My old school friend, now known as “Vincent”, has begun the new year (and the decade – as he says ,”There was no year zero”!) with an amusing (if irritating) story about a women molested by Donald Duck at one of the Disney Parks! You can read this story and the follow up comments about it here http://morpheusatloppers.wordpress.com/2011/01/04/morpheus-on-laughable-legal-actions/.
And because I wanted to start off with something a bit light-hearted too but can’t think of one of my devastatingly contrived pun-stories at the moment I’ll just have to go with the following!
It transpires that somehow I have managed to drive my little black Nissan Micra the equivalent of three times around the world since I acquired it, brand new, in January 2004.
Since 72000 is a multiple of 9 and 9000 miles is the recommended service interval it has come about that a major service and the annual MOT test have become due at the same time so it was duly booked in at the local Nissan Main Dealer (no relation to the former South African President!) for the work to be done on Tuesday 4th January. And because I work 25 miles away and got my booking in good and early I was able to secure the promise of the use of one of their loan cars for the day.
I duly checked in just as they opened at 8 a.m. and was walked through the differences in the controls on the loan vehicle – at that time I couldn’t see what model of Nissan it was, just that it appeared to be bottom of the range and fitted out with a lot of cheap plastic. When I set off it made somewhat more of a growling noise that an engine that small really has any right to but I was soon distracted from that by the sight of the partially eclipsed sunrise that was occuring immediately ahead of me for most of the way from Peterborough to St. Ives.

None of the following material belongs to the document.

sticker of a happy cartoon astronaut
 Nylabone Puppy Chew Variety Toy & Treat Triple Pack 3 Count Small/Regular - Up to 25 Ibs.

It made a really nice change to have a crescent sun blinding me instead of the usual blazing ball and I quite enjoyed the trip up to the point near the end when I tried to clear some sprayed-up road salt solution off my front screen and found that the washer bottle was either empty or frozen up! Still, I only had to do about a mile trying to see through muddy grey stripes on the screen so it could have been worse!
Before I left in the evening (I got in late and my boss agreed I could leave early to make up for it!) I cleaned the screen with a bottle of water but found that the washers had thawed out so anticipated no such problems on the way back in the dark.
Just as I was leaving St.Ives, however, I noticed that the dirt was so thick on the BACK window that I couldn’t see a thing through it.
So I operated the rear washer switch and nothing happened!
So I operated it again – for longer!
And this time something DID happen – I felt an extremely WET sensation in my right sock!
With suspicion dawning and being certain that I had NOT in fact had some sort of childish accident I tried the switch one more time and the wetness got worse! I drove back to the garage with little visibility out of the back of the car, and the heater on full blast directed down into the footwell to dry me out.
When I got back to the Service desk I was attended to by a lady at the next desk to the man who had booked me in that morning and naturally mentioned this problem with their loan vehicle.
On overhearing me the bloke at the next desk laughed and said “Oh! The pipe has disconnected itself again”.
I loved the “again” – if he knew about it why the hell didn’t he warn me it might happen?
And then the lady serving me joined in with “I think I’ve got one booked in tomorrow to have that problem sorted out”!
My curiosity got the better of me ; “What model is it exactly that’s getting this incontinence problem?”, I asked.
“It’s a Nissan Pixo” was the reply.
“Well they should have called it the Paxo”, I replied, “Because if you try to sell me one I’ll tell you where to stuff it!”
Quick as a flash I am sometimes!
And MY car? Well no major work was needed on the service and it got through the MOT after I agreed to a replacement battery so it’s ready for another three orbits!
Apparently it “failed the battery test” and only an old cynic like me would venture to suggest that said test consists of a mechanic asking “Is that the original 7 year old battery ?”, “Yes”, “Fail!”